L’alternativa infatti è lasciarsi sopraffare da questo clima di “fine dell’Impero” e abbandonarsi come sul Titanic all’inevitabile. Purtroppo Dio è morto, ma al suo posto si sono presto fatti strada altri idoli che ne occultano il desiderio, soddisfacendo i bisogni basici. La stessa ragionevolezza spesso è soppiantata da un’emotività che sacrifica qualsiasi cosa sull’altare di quello che sento e non di quello che è. Alla fine questa condizione ci ha resi lontani dagli altri, incapaci di avere un punto di vista comune. Senza Dio manca una visione delle cose e si finisce per inseguire il frammento della quotidianità camminando verso il niente. Come aveva intuito lucidamente S. Kierkegaard (1813-1855) all’inizio della modernità: “La nave è ormai in preda al cuoco di bordo e ciò che trasmette al microfono del comandante non è più la rotta, ma ciò che mangeremo domani”.

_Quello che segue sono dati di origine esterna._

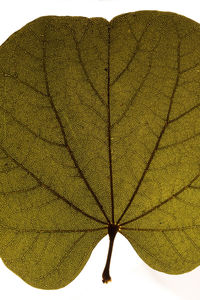 Close-up of leaf against white background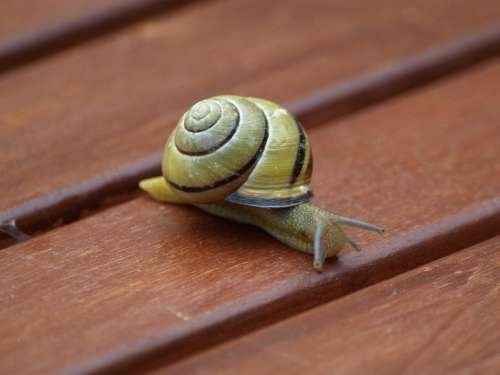 Snail Shell Slowly Mollusk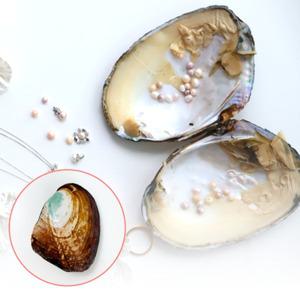 대왕 진주 조개 이색체험 고품질 리얼진주 직접 채취 이벤트 선물 특별한 경험 추억 (단품)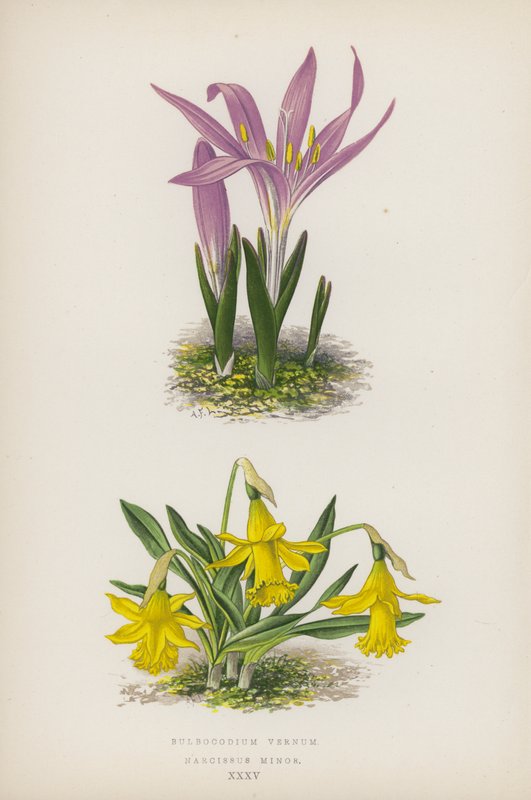 Bulbocodium Vernum; Narcissus Minor (värilitosiini) tekijältä English School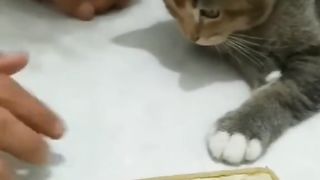 funny cats videos 2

Chi crede è uno, anzitutto, che vede in anticipo, cioè un visionario; sa dove si va, ma non ne conosce tutte le strade: “È una visione che attesta un termine, parla di una scadenza e non mentisce; se indugia, attendila, perché certo verrà e non tarderà” (Abacuc). San Francesco, al di là di facili mitizzazioni, ha trascorso lunghi periodi nello scoramento, nell’isolamento, nel disorientamento. Ma ha saputo attendere. Non ha abdicato a quello che aveva visto. Perché aveva una visione. Chi crede, poi, diventa coraggioso e prudente allo stesso tempo, cioè supera la timidezza, come dice Paolo a Timoteo. San Francesco ha introdotto nella Chiesa stanca e polverosa dei suoi tempi un fremito e una passione che non l’hanno più abbandonata. Chi crede, infine, è libero e disinteressato. È un ‘servo inutile’, come Francesco che ancora vivente accetta di essere sostituito nella guida dell’Ordine, ma non smette di orientarlo e di provocarlo ancora oggi. Non importa che la fede sia tanta. Conta che ci sia. Che noi la si difenda dalle sue contraffazioni per avvicinarci sempre più a Dio e agli altri: “Signore, conserva in me la mia poca fede”. I “Poeti sociali” ci hanno fatto toccare con mano persone che sperano a dispetto dell’angoscia, diventando così “creditori del futuro”. Per contro l’angoscia porta via con sé ogni fiducia, sottrae ogni credito alla realtà, ed è così che impedisce il futuro.